Downed Russian Su-34 fighter jets are being found in Ukraine with rudimentary GPS receivers “attached to the dashboards” because their built-in navigation systems are so bad, UK Defense Secretary Ben Wallace said.
Speaking at the National Museum of the British Army in London on Monday, Wallace paid tribute to servicemen who died in World War II and called Russia’s invasion of Ukraine “meaningless and self-destructive”.
He added that there was evidence suggesting that Russian military equipment was being pushed to the breaking point by the invasion of Ukraine.
At the beginning of the speech, he also mentioned that “as an aside, the large amount of Ukrainian drone footage suggests that Russia also lacks broader air defense and anti-UAV system”.
While the minister did not delve into the topic of UAVs (unmanned aerial vehicles like drones) in depth, it is likely that his message was referring to how Ukrainian forces creatively used drones to first stop a convoy heading to Kiev, then to target and eliminate soldiers with precision.

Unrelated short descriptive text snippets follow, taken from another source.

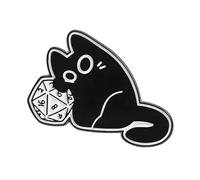 Black Cat D20 Enamel Lapel Pin - Cute Tabletop RPG Cat with 20-Sided Dice Hard Enamel Brooch Badge for Dungeons and Dragons Players, Board Game Fans - 2cm x 3cm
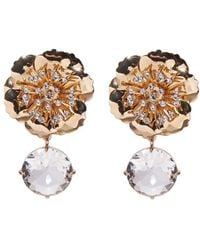 Carolina Herrera - Cz Metal Flower Crystal Drop Earrings - Lyst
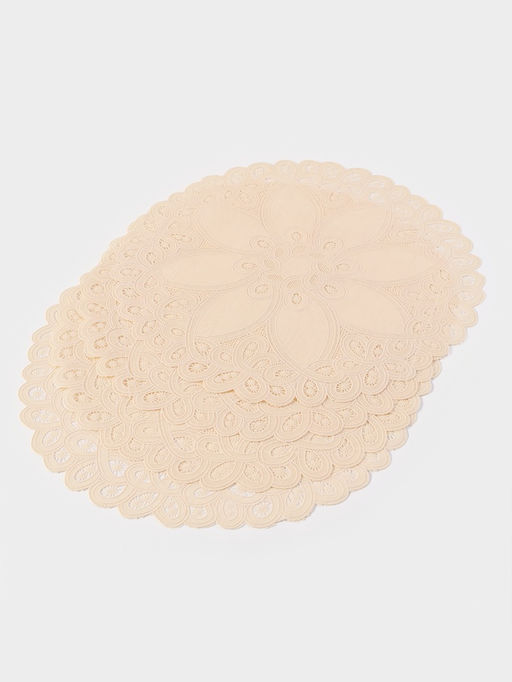 Цена за 12 шт. Салфетка ажурная «Цветок», d=38 см, бежевая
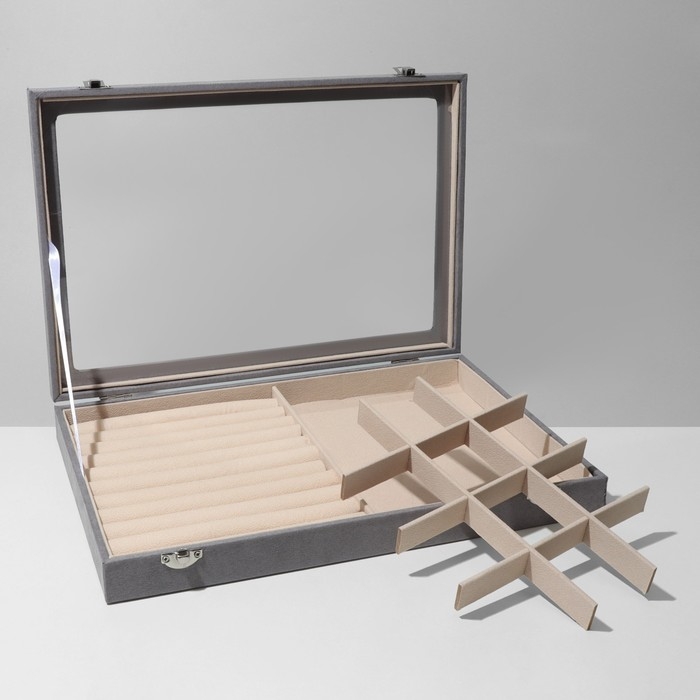 Подставка для украшений &laquo;Шкатулка&raquo; 10 рядов, 12 ячеек, флок, 35&times;24&times;4,5, стеклянная крышка, цвет серо-бежевый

The use of drones, including hobby drones in this war, led manufacturer DJI to stop selling them in Russia and Ukraine.
“’GPS’ receivers were found attached to the panels of downed Russian Su-34s so pilots would know where they were, due to the poor quality of their own systems,” he said.
The Su-34 was first manufactured in the Soviet Union in the early 1990s, but it is still one of Russia’s top fighter jets. Last year, images of Su-34 jets operating in Syria were released with basic GPS in the cockpits.
Ukraine has shared abundant evidence in what it says are Russia’s attempts to fix problems with old military equipment and circumvent equipment shortages.